I like it that your posting up your pics of your progress mate, and i agree why would you need to lie its not as if you come on here as a competition so you wouldn't be gaining anything by lying anyways! keep up the hard work and the diet also.

I have been training now not that long either and i was thinking of trying gear but IMO to you i wouldn't not yet anyways, i have put it off til i fully understand everything there is to know and also got some advice on it as i know you said your friend knows about them but believe me you never know everything there is to know about gear or even training and should always be looking for advice even if you think you have got it down to the T (but again you should know who/what to listen to also)

Carry on naturally for a while its obviously working at the minute for you, keep up the hard work both inside and outside the gym!!!!!


----------



## miami797 (Feb 19, 2004)

You can't judge people's weight just by looking at them for the most part, especially in a photo.

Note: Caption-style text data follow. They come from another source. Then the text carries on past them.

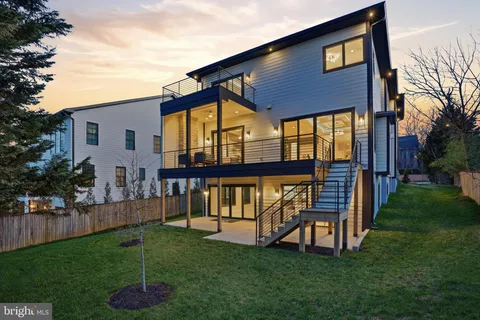 $2,995,000 | 1805 Franklin Avenue, McLean, VA 22101
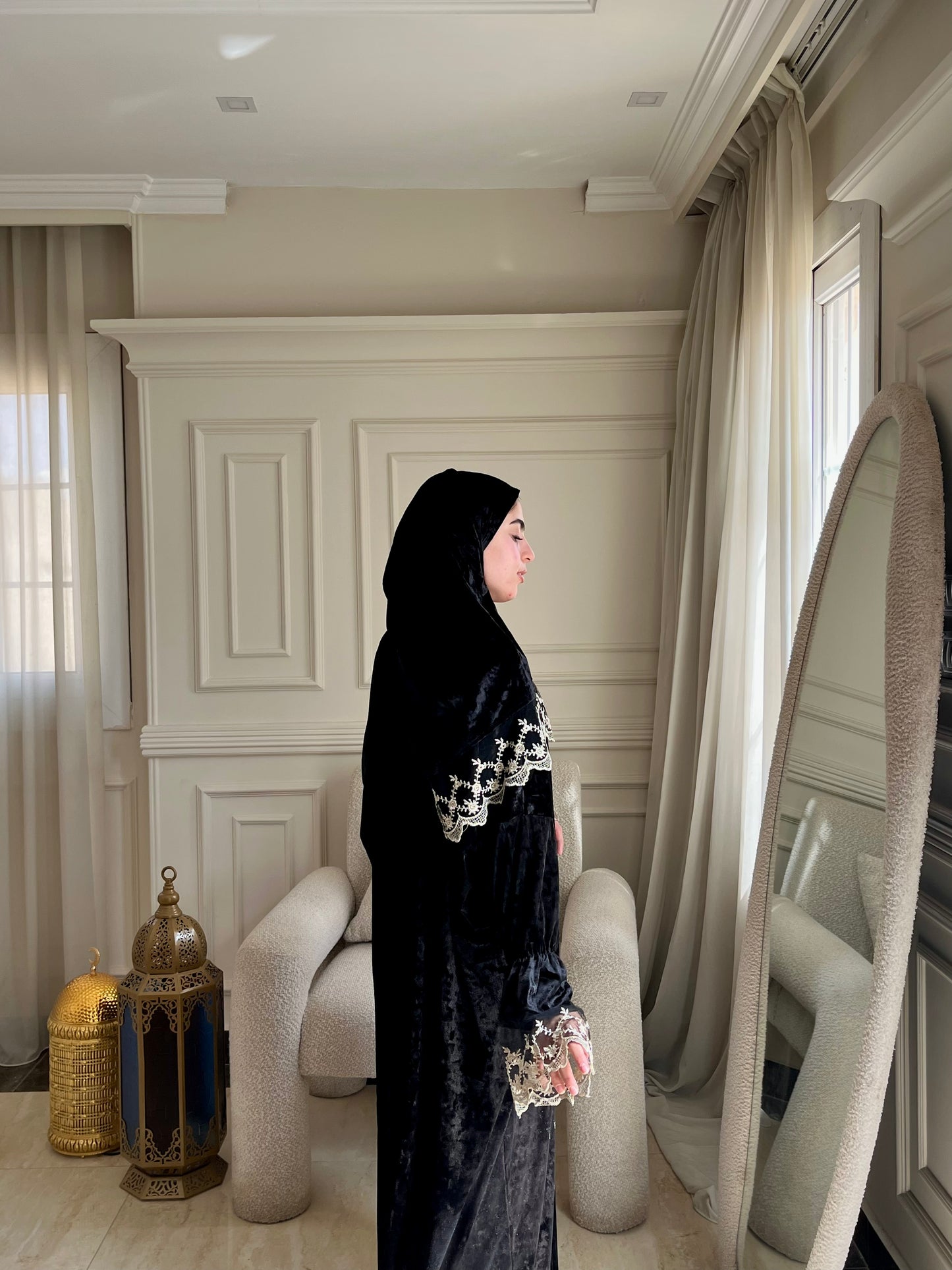 Jangah Velvet Lace Prayer Isdal — Luxury Ramadan and Eid Prayer Set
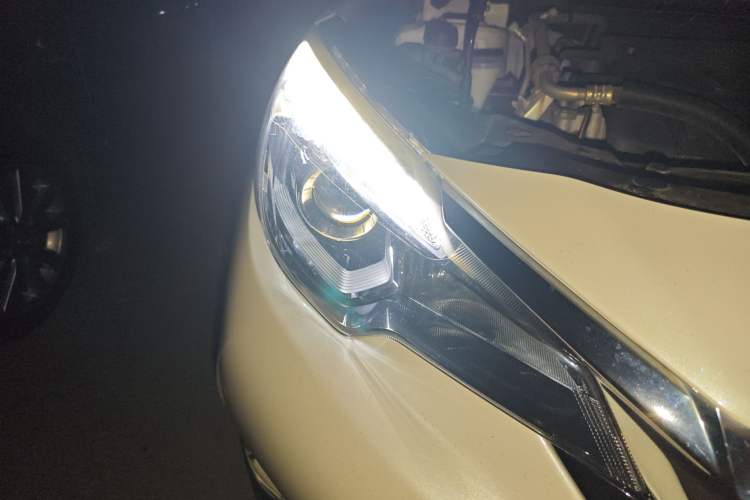 Used Venucia T90 2017 2.0L CVT Smart Edition Right Front Headlight
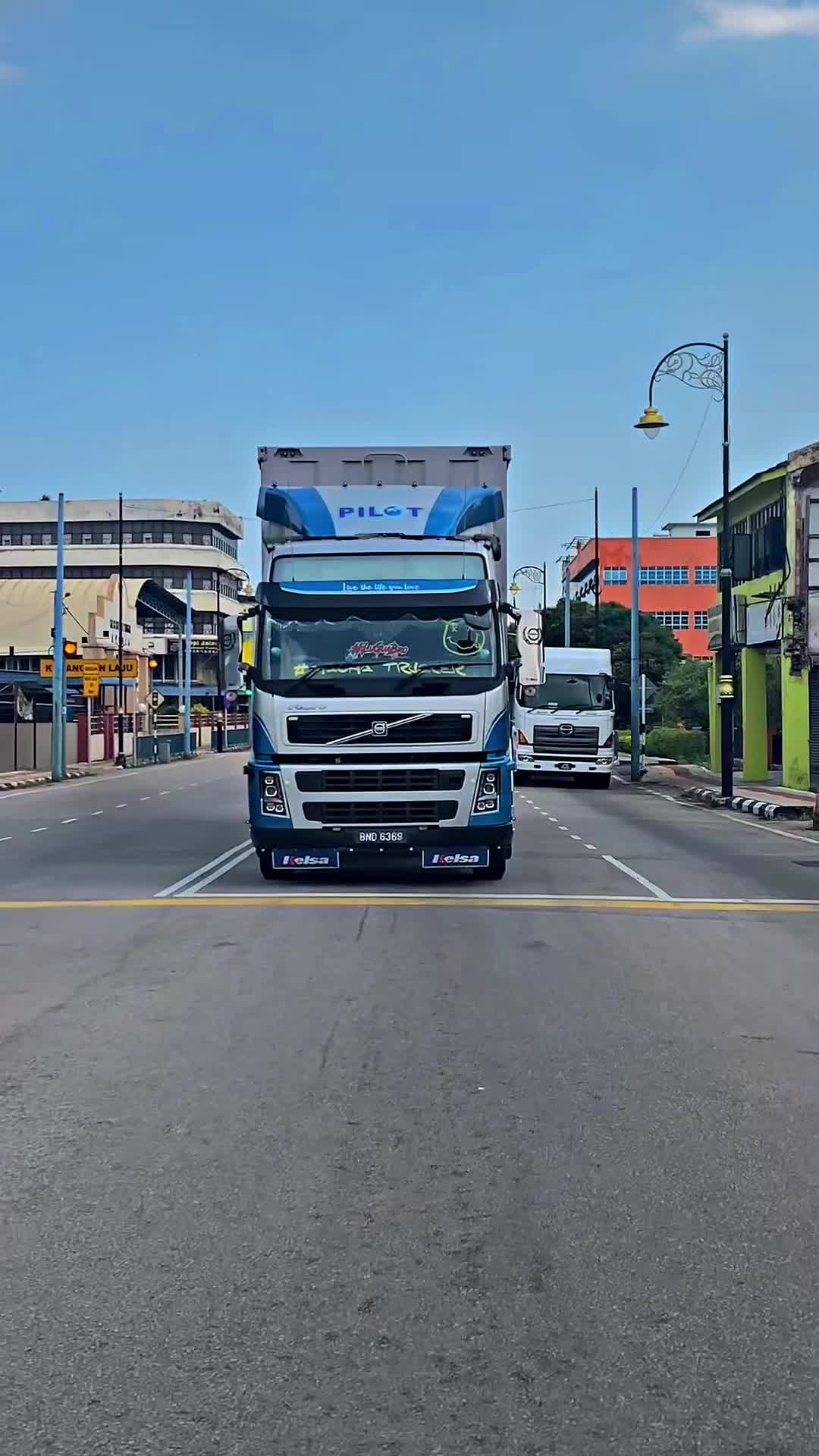@Macha Truckers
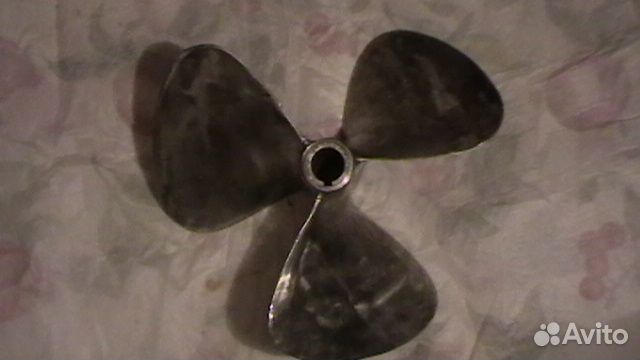 Катер Волга.гребной винт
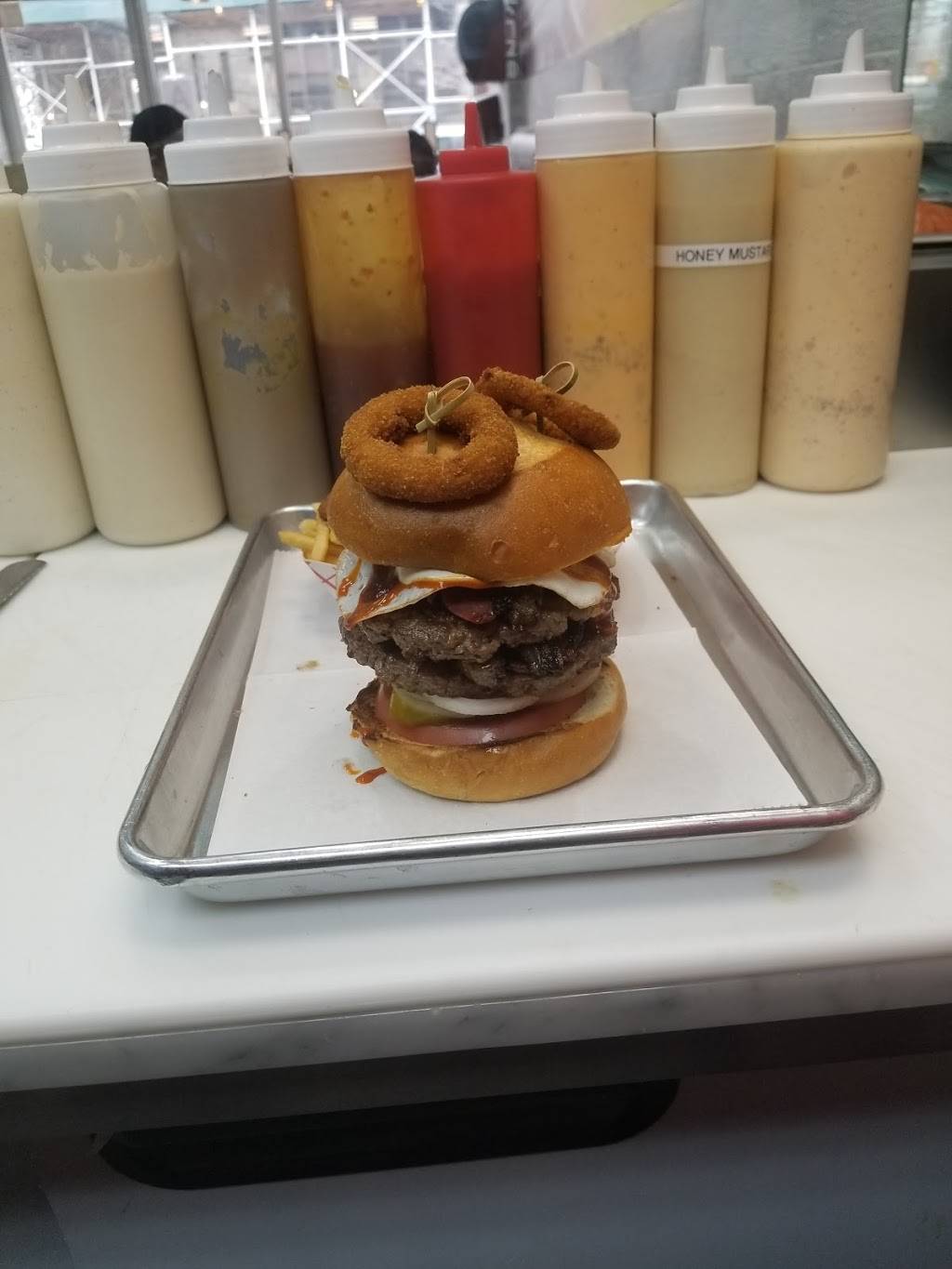 BURGERS & GRILL | restaurant | 2543 Amsterdam Ave, New York, NY 10033, USA | 2125438017 OR +1 212-543-8017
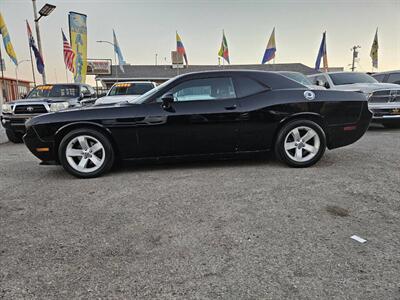 2012 Dodge Challenger SXT 2dr Coupe - Photo 7 - Richmond, CA 94804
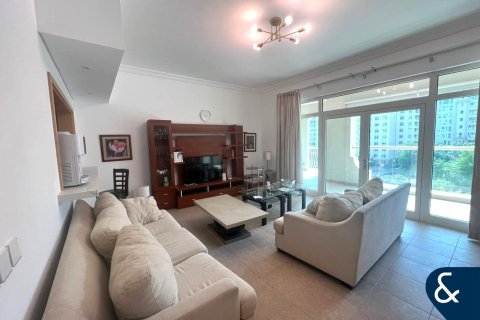 Palm Jumeirah, Dubai, संयुक्त अरब अमीरात में अपार्टमेंट, 2 बेडरूम, 147 वर्ग मीटर, संख्या 671441 - फ़ोटो 1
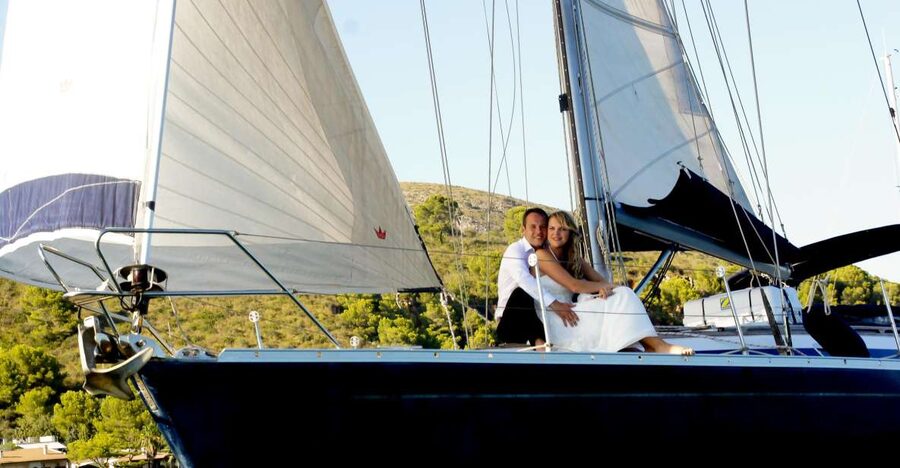 Alcudia: Romantic Sailing Trip with Diner for 2 - Meeting in Bonaire at Restaurante Bonaire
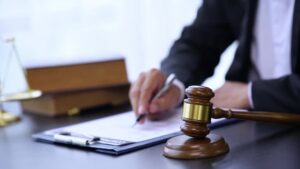 建設・職業の企業、1万名以上の個人情報を不正取得　法令違反と勧告【個人情報保護委員会】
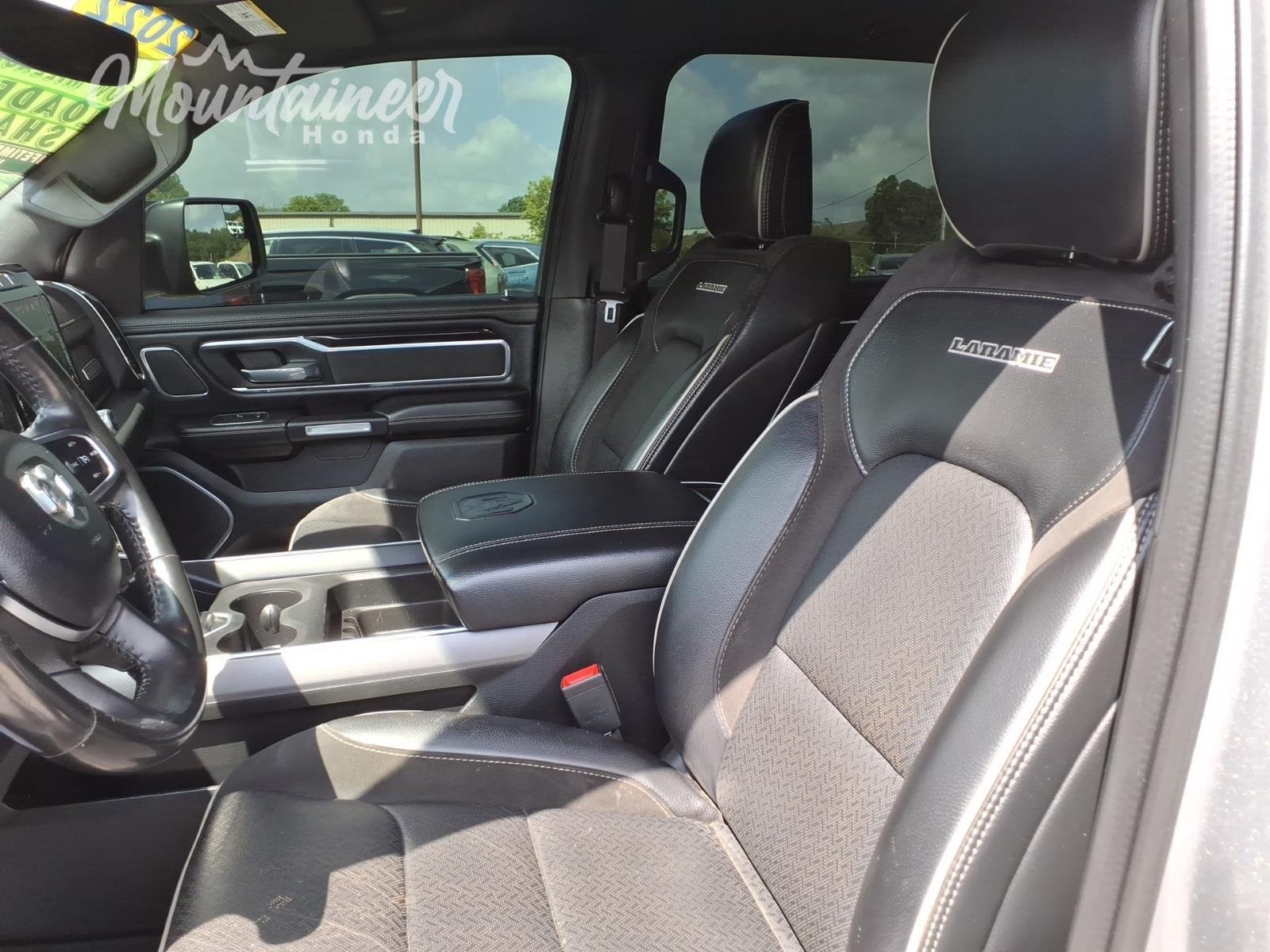 Used 2022 Billet Silver Metallic Clearcoat Ram Laramie image 10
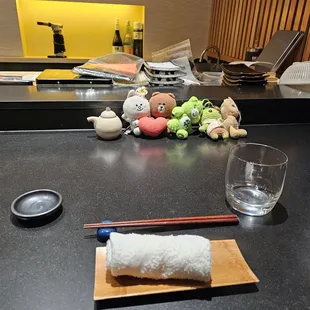 Oshibori to start... for clean hands!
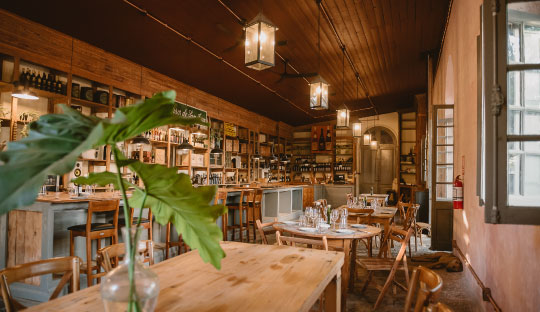 Salon comedor de los cerros de san juan, colonia del sacramento - colonia express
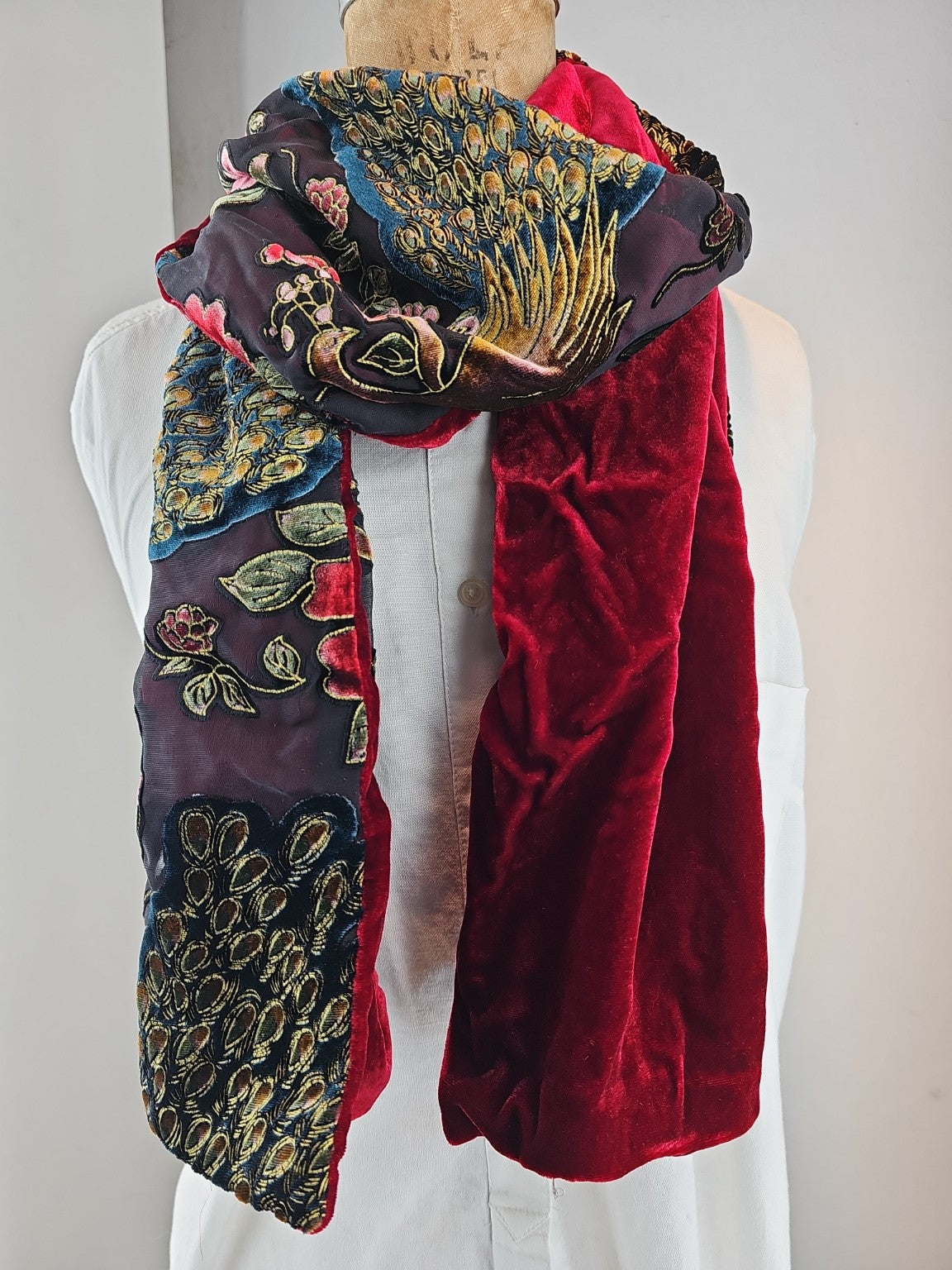 Silk velvet golden peacock with a silk velvet red back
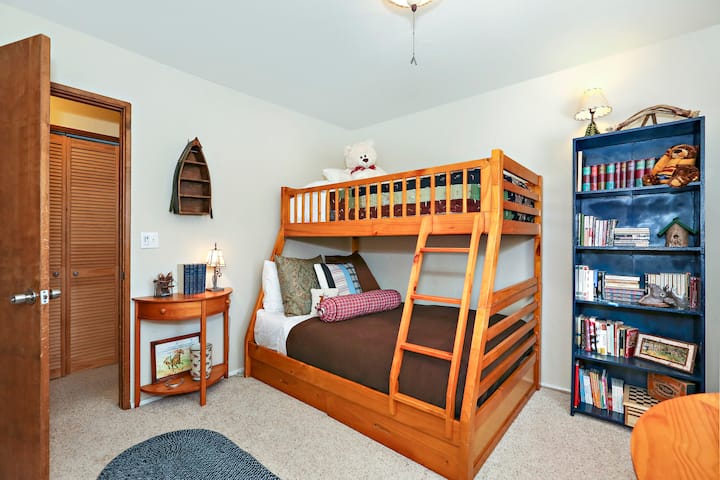 Bedroom 4 - Bunk Bed Room with XBOX and DVD Player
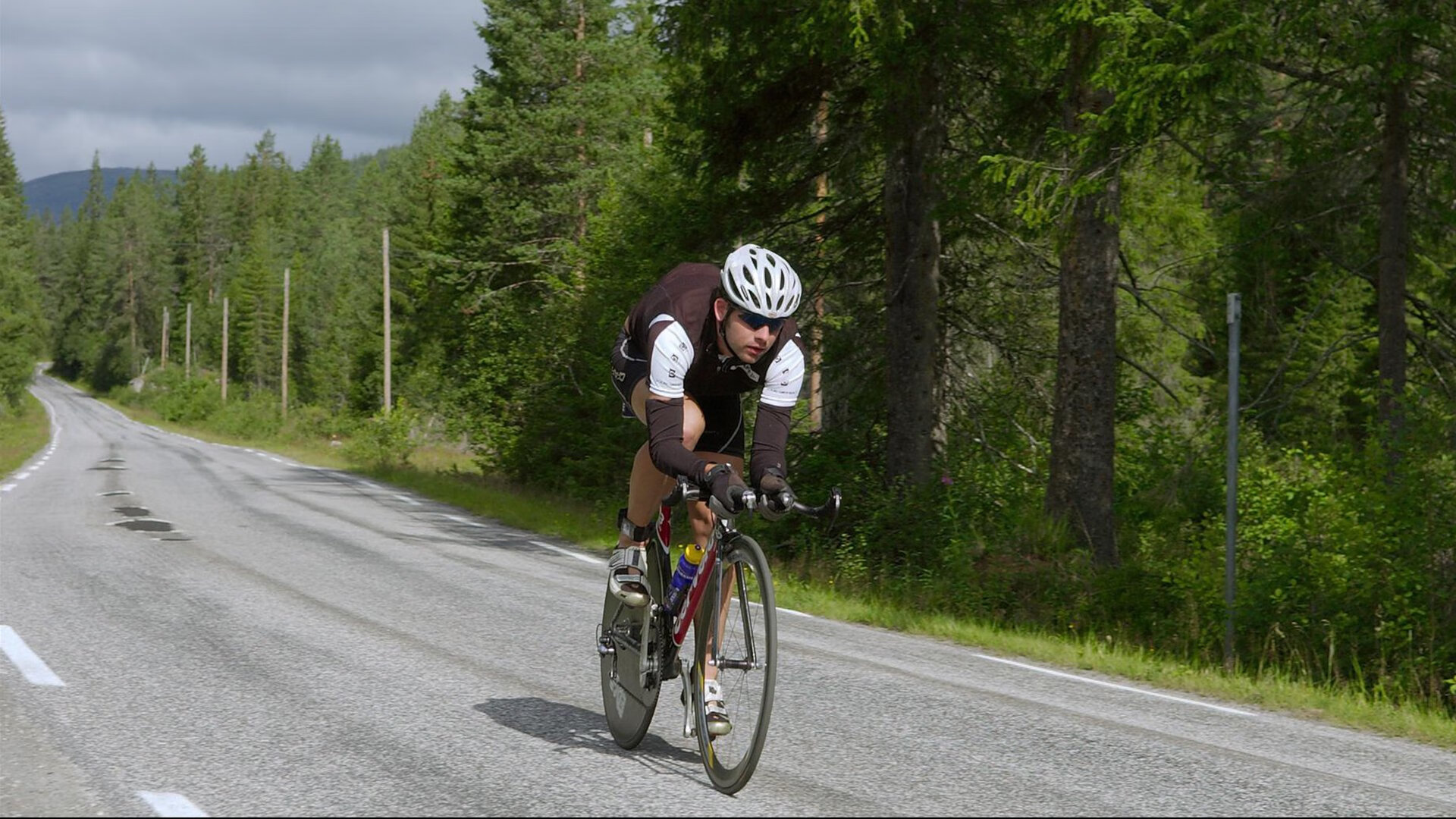 “无限可能，2025电竞舞台引爆年轻力量！”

Some people are very good at looking and judging size, but even they're dead wrong sometimes.


----------



## craigy_boy (Mar 6, 2007)

hey guys some new upto date pics of me please tell me what you think bad or good.

the last pic is me just over 2 years ago


----------



## newkidonthebloc (May 19, 2007)

looking good mate.

shoulders look well nice.

(in a non gay way  )


----------



## homer (Dec 2, 2005)

thats some good improvement , keep it up and you can go a long way


----------



## Bulk1 (Apr 12, 2007)

Good progress mate.. keep it going


----------



## craigy_boy (Mar 6, 2007)

if anyone from mammoth is viewing im free for sponsorship.lol.what people do when they are not training.lol


----------



## martzee (Sep 11, 2007)

if you use gear now you are heading to put on alot of water retention,sure you will weigh heavier but a bit of advice,leave the scales alone and concentrate on building a good solid foundation naturally i did for the first five yrs training,that way you will not become dependant on the gear and your gains will be quality and not fluctuate by a stone in weight because of water retention.you have made great gains so dont change what hasnt been broken i think the saying goes!!!!!! good luck mate


----------